P1000925 by www.envyvaleting.co.uk, on Flickr




P1000926 by www.envyvaleting.co.uk, on Flickr




P1000927 by www.envyvaleting.co.uk, on Flickr



Important to check the work as it progressed, especially as all the DW and detailing critics would be checking the car out at Waxstock!










P1000928 by www.envyvaleting.co.uk, on Flickr


P1000929 by www.envyvaleting.co.uk, on Flickr









Insured to drive anything! This car was amazing because despite her age, always started 1st turn of the key...





Blow the dust out









There was a full day of correction with myself and Marc, then a couple of days of tinkering with waxing the wooden dash with Swissvax wood wax, chrome to polish and leather to clean with Dr Leather.

Ready for Waxstock


P1000930 by www.envyvaleting.co.uk, on Flickr

Tucked up, awaiting collection (in good company!)



Hope you have enjoyed this write up. Was a real pleasure to work with Marc. Thanks for looking

Tim


----------



## -Kev- (Oct 30, 2007)

what a stunning looking car, didn't know Jaguar won so many times at Lemans either


----------



## GarveyVW (Jun 28, 2013)

:argie: That car is fantastic, great job :thumb:


----------



## diesel x (Jul 27, 2013)

Great work on a fantastic car.


----------



## kk1966 (Aug 8, 2007)

I didnt think this would ever see the light of day.

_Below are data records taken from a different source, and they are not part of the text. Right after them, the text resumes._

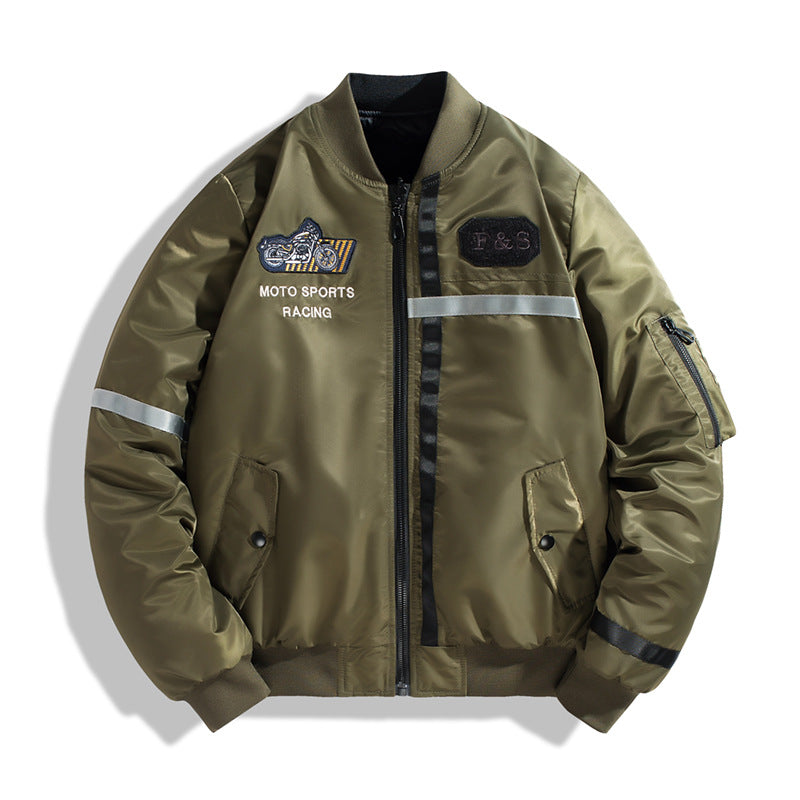 Herren Bomberjacke im Fliegerjackenstil mit reflektierenden Streifen, Utility‑Taschen und leichter Thermofütterung Shop Nory
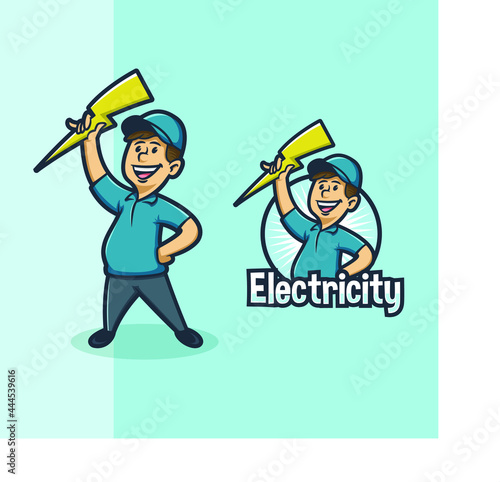Repairman holding a thunder for electricity mascot logo illustration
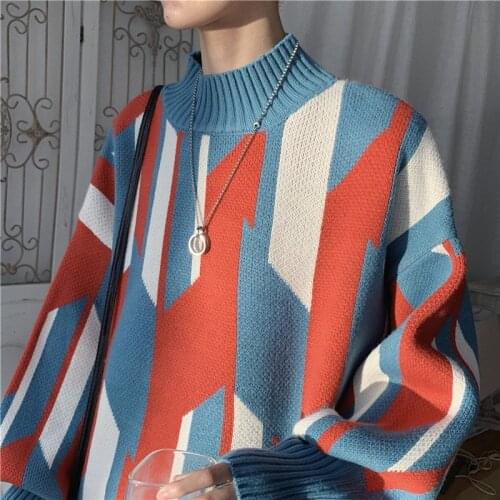 2021 Autumn Winter New Sweater Men Casual O-neck Warm Sweaters Fashion Loose Knitwear Pullovers Personality Streetwear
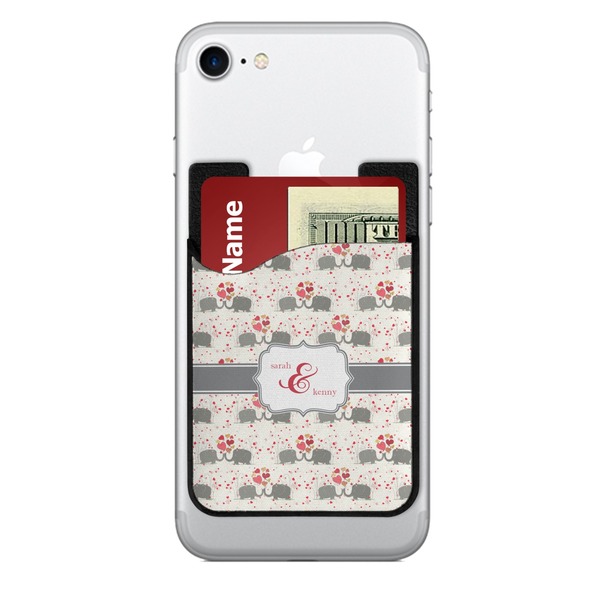 Custom Elephants in Love 2-in-1 Cell Phone Credit Card Holder & Screen Cleaner (Personalized)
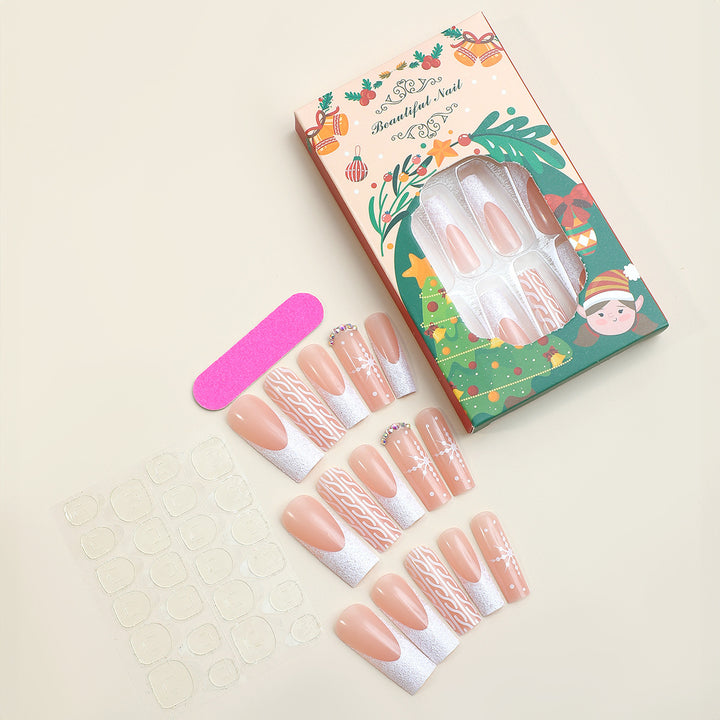 Artificial nail set with festive designs Bowlift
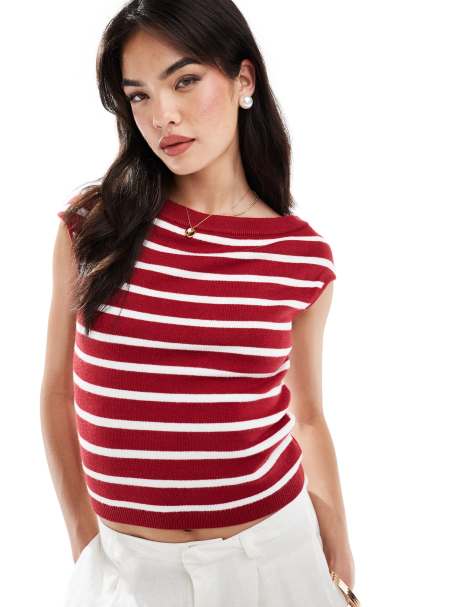 Y.A.S - Top con spalle scoperte in maglia rosso a righe bianche - view 1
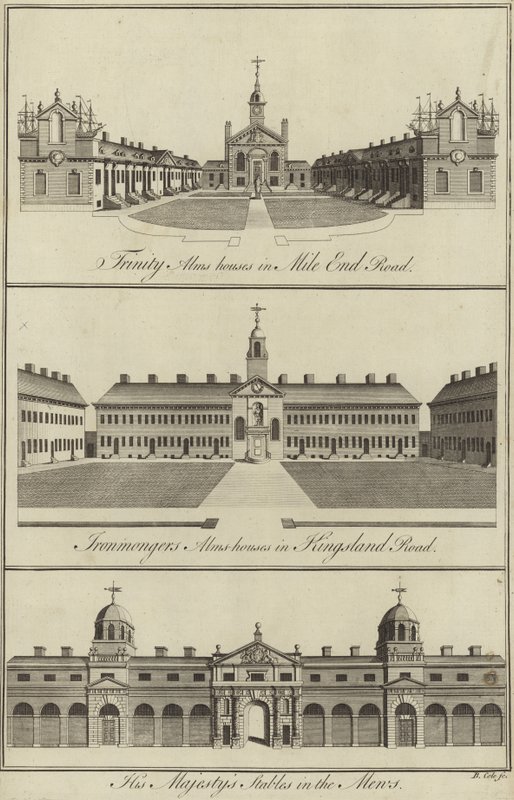 Mile End Road'daki Trinity Almshouses, Kingsland Road'daki Ironmongers Almshouses ve Mews, Londra'daki Majestys Ahırları by English School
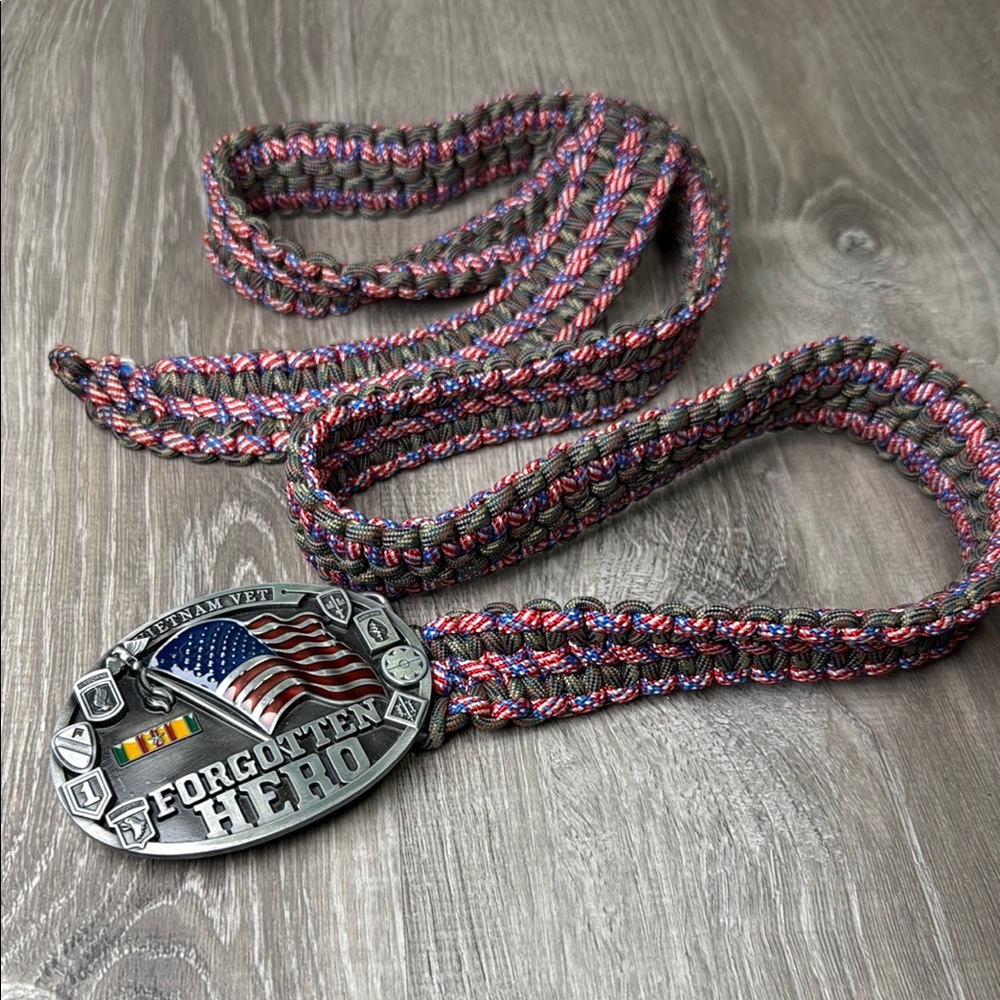Red and Blue Woven Belt with Durable Craftsmanship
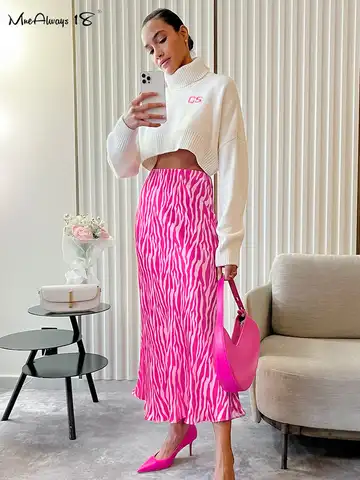 Mnealways18 Elegant Women Zebra Printing Skirts Women Pink High Waist A-Line Skrits Office Ladies Satin Flowing Midi Skirts 2023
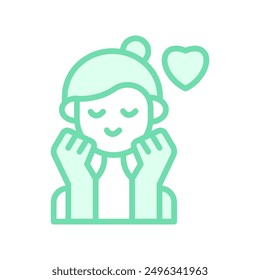 Self Love duotone line icon , vector, pixel perfect, illustrator file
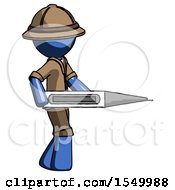 Blue Explorer Ranger Man Walking With Large Thermometer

An enjoyable day Tim and good to work with you as always....:thumb:


----------



## Envy Car Care (Aug 17, 2006)

kk1966 said:


> I didnt think this would ever see the light of day. An enjoyable day Tim and good to work with you as always....:thumb:


Trying to work through what's in my camera Marc in chronological order, so I am catching up slowly! 
I'll save some summer details to write up over the winter as 'here is a car I did yesterday' with bright sun and leaves on the trees ;-)


----------



## Goodfella36 (Jul 21, 2009)

Great work the pair of you on a very nice motor and good to see Tim putting some work up :thumb:


----------



## Envy Car Care (Aug 17, 2006)

Goodfella36 said:


> Great work the pair of you on a very nice motor and good to see Tim putting some work up :thumb:


Its your fault I am Lee! Think we are into June now. You see I have been beavering away behind the scenes, just very few write ups for the reasons we spoke about!
Did the pics from the 2 we did come through ok?


----------



## kk1966 (Aug 8, 2007)

Envy Valeting said:


> Trying to work through what's in my camera Marc in chronological order, so I am catching up slowly!
> I'll save some summer details to write up over the winter as 'here is a car I did yesterday' with bright sun and leaves on the trees ;-)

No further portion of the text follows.